Within ten minutes, I was served the iPhone. iPhone came packed in the typical Apple product packaging. A very high quality, sleek black box with silver lettering and a photo of the iPhone on top. It's small. Opening the box, the iPhone is cradled in a plastic piece, suspended over the small instruction manual, polishing cloth, ear buds, USB synch cable, and power brick.
After opening, the first thing did was tested my iPhone by calling from my land line, it worked like a charm. The iPhone just works. The first thing you notice is the lack of physical buttons. The only buttons in fact are a volume up/down rocker switch on the side, silence switch for the ring-tone and alerts, a sleep/wake switch at the top of the phone, and the Home button on the bottom center of the screen. The rest of the user interaction occurs on the 3.5" LCD display. When you receive a call, a giant green button below the caller ID allows you to "Answer Call". The iPhone's native email application works with Gmail, Yahoo, .Mac, and AOL.
Email Application on this device is as close to a desktop email client that I've seen so far on a handheld. It's beautiful. I'm opted for a data plan from Vodafone, which allowed me to retrieve my mails anywhere now and respond in seconds. This is what I dreamed to achieve since long.
Certainly, one of the biggest reasons to own this device is the iPod functionality.
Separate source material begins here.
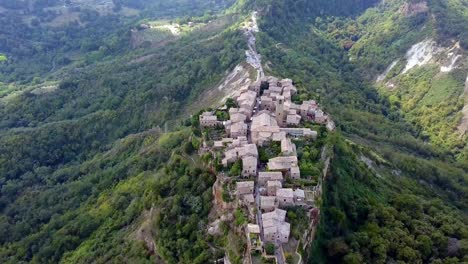 Civita-di-Bagnoregio-town-in-Tuscany-Italy-with-eroding-side-cliffs,-Aerial-drone-flyover-back-shot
The iPod works the same way you're used to, but now instead of cycling through a list of artists, it has a coverflow. Coverflow is a graphical representation of the album covers in a horizontal scrolling list. Just swipe your finger across the screen in either direction, and you have a fluid scrolling list of albums. Click an album, and it rotates to the back side, showing you all the songs, click a song, and you're listening to it. Forget to plug the headphones in? It will play your music over the integrated speaker, while it's no concert experience, it does sound decent. Video is simply amazing on this device. The latest version of Videora supports converting ripped DVDs to iPhone format. The SAFARI web browser does a great job. The best browser I've seen on a mobile device. Browsing the web is not something you'll probably want to do for hours on end, but if you need to pay a bill, get movie times, or locate a phone number it works slick. The browser allows you to enter any address on the web, and it will load the entire page as it was meant to be seen. The first site I tried accessing was my own website “www.sharanamshah.com” which came up exactly as it appears on the PC. You can zoom to any section by double tapping or doing the 'squeeze' technique with your thumb and forefinger. The fonts are sharp and crisp, easy to read. The phone call quality is great so far. I have not had a single dropped call nor one where either party had trouble hearing each other. On a device that has no keys, the phone is a few clicks away. Using iTunes, the contacts synch from Outlook or Outlook express without a hitch. The phone has the ability to easily put someone on hold, if you're talking on the phone and you receive another call, the screen gives the option to put the current caller on hold, and answer the incoming call. Once you have a person on hold, and an active call, you can easily swap between parties or even merge the two calls together, brilliant. The iPhone supports two types of networking, traditional WIFI over B and G networks, and EDGE data connectivity over cellular network. Speed-wise you see the best performance on WIFI networks. The best part is that iPhone remembers networks that you've joined previously and automatically connect to them when you're in range. That’s it till now. Will keep posting more.